When we closed the doors of our physical space in December 2016, I knew there was one thing I would really miss afterwards – being able to encourage homeschoolers, both new and burnt-out veterans. So here’s hoping a blog will at least suffice for now.

After more than three decades in the role of “Veteran Homeschooler,” there were a number of concerns that came up again and again as I filled the roll of counsellor.

Concerns

I answered some of the basic questions on the page, Information for New Homeschoolers. That’s where I cover things like “is it legal,” how to get started, record keeping, etc. This blog will cover the types of questions I typically get from folks who have gotten past those early concerns, but are still overwhelmed. Here are a few of my favorite questions (with answers primarily excerpted from my homeschooling book, Organized Ramblings).

Since my preferred method to teach, both at home and in my classes, has been to stay as far away from textbooks as possible, that often shows up in my recommendations to homeschoolers. Does that mean I’m completely against the use of textbooks? Not entirely, but certainly close. I found through decades of teaching that topical studies were much more effective, generally cheaper, and more easily adaptable to multiple students. (More details on topical studies in the next post.)

What about Gaps in their Learning?

Yes, those will exist, but they will exist regardless of the method of education employed.

Our goals should include, teaching our children to:

  • Read and enjoy reading
  • Be excited about learning
  • Understand research options
  • Depending on our faith – to Love God

The specific details contained in their “curriculum package” are not really the issue.  Are we setting the foundation?  If we accomplish these things – what difference will the gaps make?  If a gap exists in an area that is really important, it will show up, and then it can be dealt with.  If it wasn’t important for that student, why does it matter?  And remember, a student who “covers” an entire “gap-free” textbook in one year has seldom learned much of it anyway!

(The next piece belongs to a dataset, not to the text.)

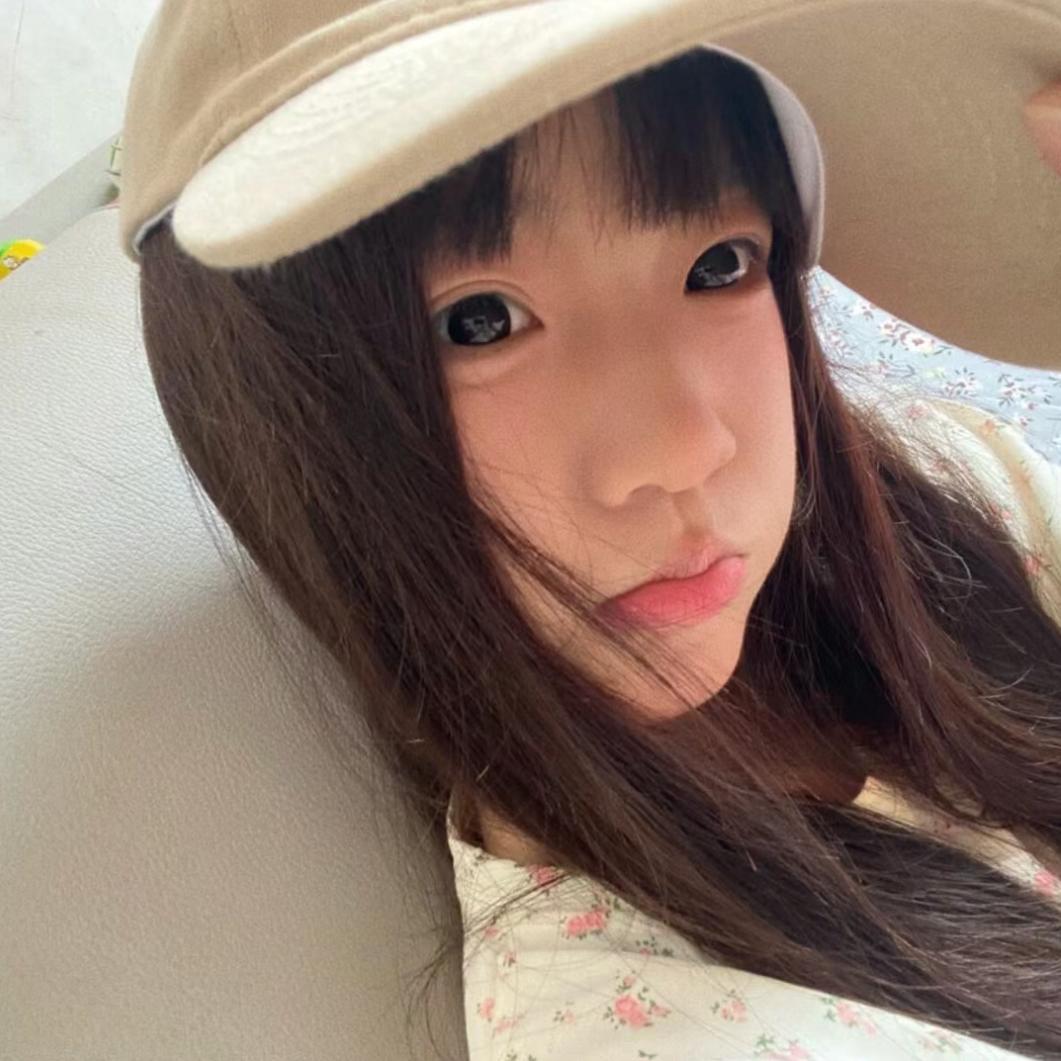 情緒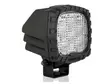 Bullpro 42W led-työvalo - LED-työvalot - 8020103097 - 2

My Husband only approves of Textbooks.  Now what? 

This is one of the most serious questions to deal with if you’re trying to approach homeschooling from another direction and it needs to be resolved in a win/win way – not a compromise, so much as a new approach.  What about using the textbooks – but using them a little differently than the “right” way?  For instance, use one history textbook for two students who are close together in age, instead of two different books.  And what about supplementing the textbook with other materials, and not trying to cover the entire book in one year?  Those two changes may help relax the home school pressures, and are often enough to relieve Dad’s concerns.

How important are Learning Styles?

Learning styles are important to a point, particularly if a student is struggling with a subject.   If a student is struggling to learn to read for instance, we may want to consider how that student learns best.  Is he an auditory learner, a visual learner, or a hands-on learner?  If we focus more on the students’ “style,” we may help them overcome some obstacles.

But beyond a “problem area,” we shouldn’t focus too much on learning styles. It’s better for students to get used to learning with various styles, than it is to focus on a particular one.  Visual, auditory, and hands-on methods can all reinforce each other, rather than one being chosen at the exclusion of the others.

What about Tests?

Tests are another concern for some people when they consider using a more relaxed method of schooling.  “What about tests?” they often ask.  “What about them?” I usually answer.  Tests are not really necessary in most home school situations.  They help classroom teachers figure out what 20 – 30 students are comprehending on any number of subjects.  Test if you want to, but it’s not a great loss if you don’t.  (How many of us remember cramming for tests in high school and college – how much of that do you remember?)  Beyond math, what purpose do most tests serve in a home school situation, anyway?

But, if you really want or need tests (for your cover school, for your sanity, for the grandparents), why do you have to be the one to write them?  Another way to accomplish testing in a non-textbook situation is to have the student(s) write the tests. That’s not cheating – it’s being practical. And in writing a test someone has to examine the material that’s being learned and determine what’s the most important part of it. Especially with older students, that’s as important a skill as being able to take the test!

How do we do it all?

We don’t…Maybe I should have started with this one, since it is a question that I am often asked.  Repeat after me, “We don’t do it all!  We can’t do it all!  We shouldn’t do it all.”  There are only 24-hours in each day, and we really need to slow down and enjoy some of them.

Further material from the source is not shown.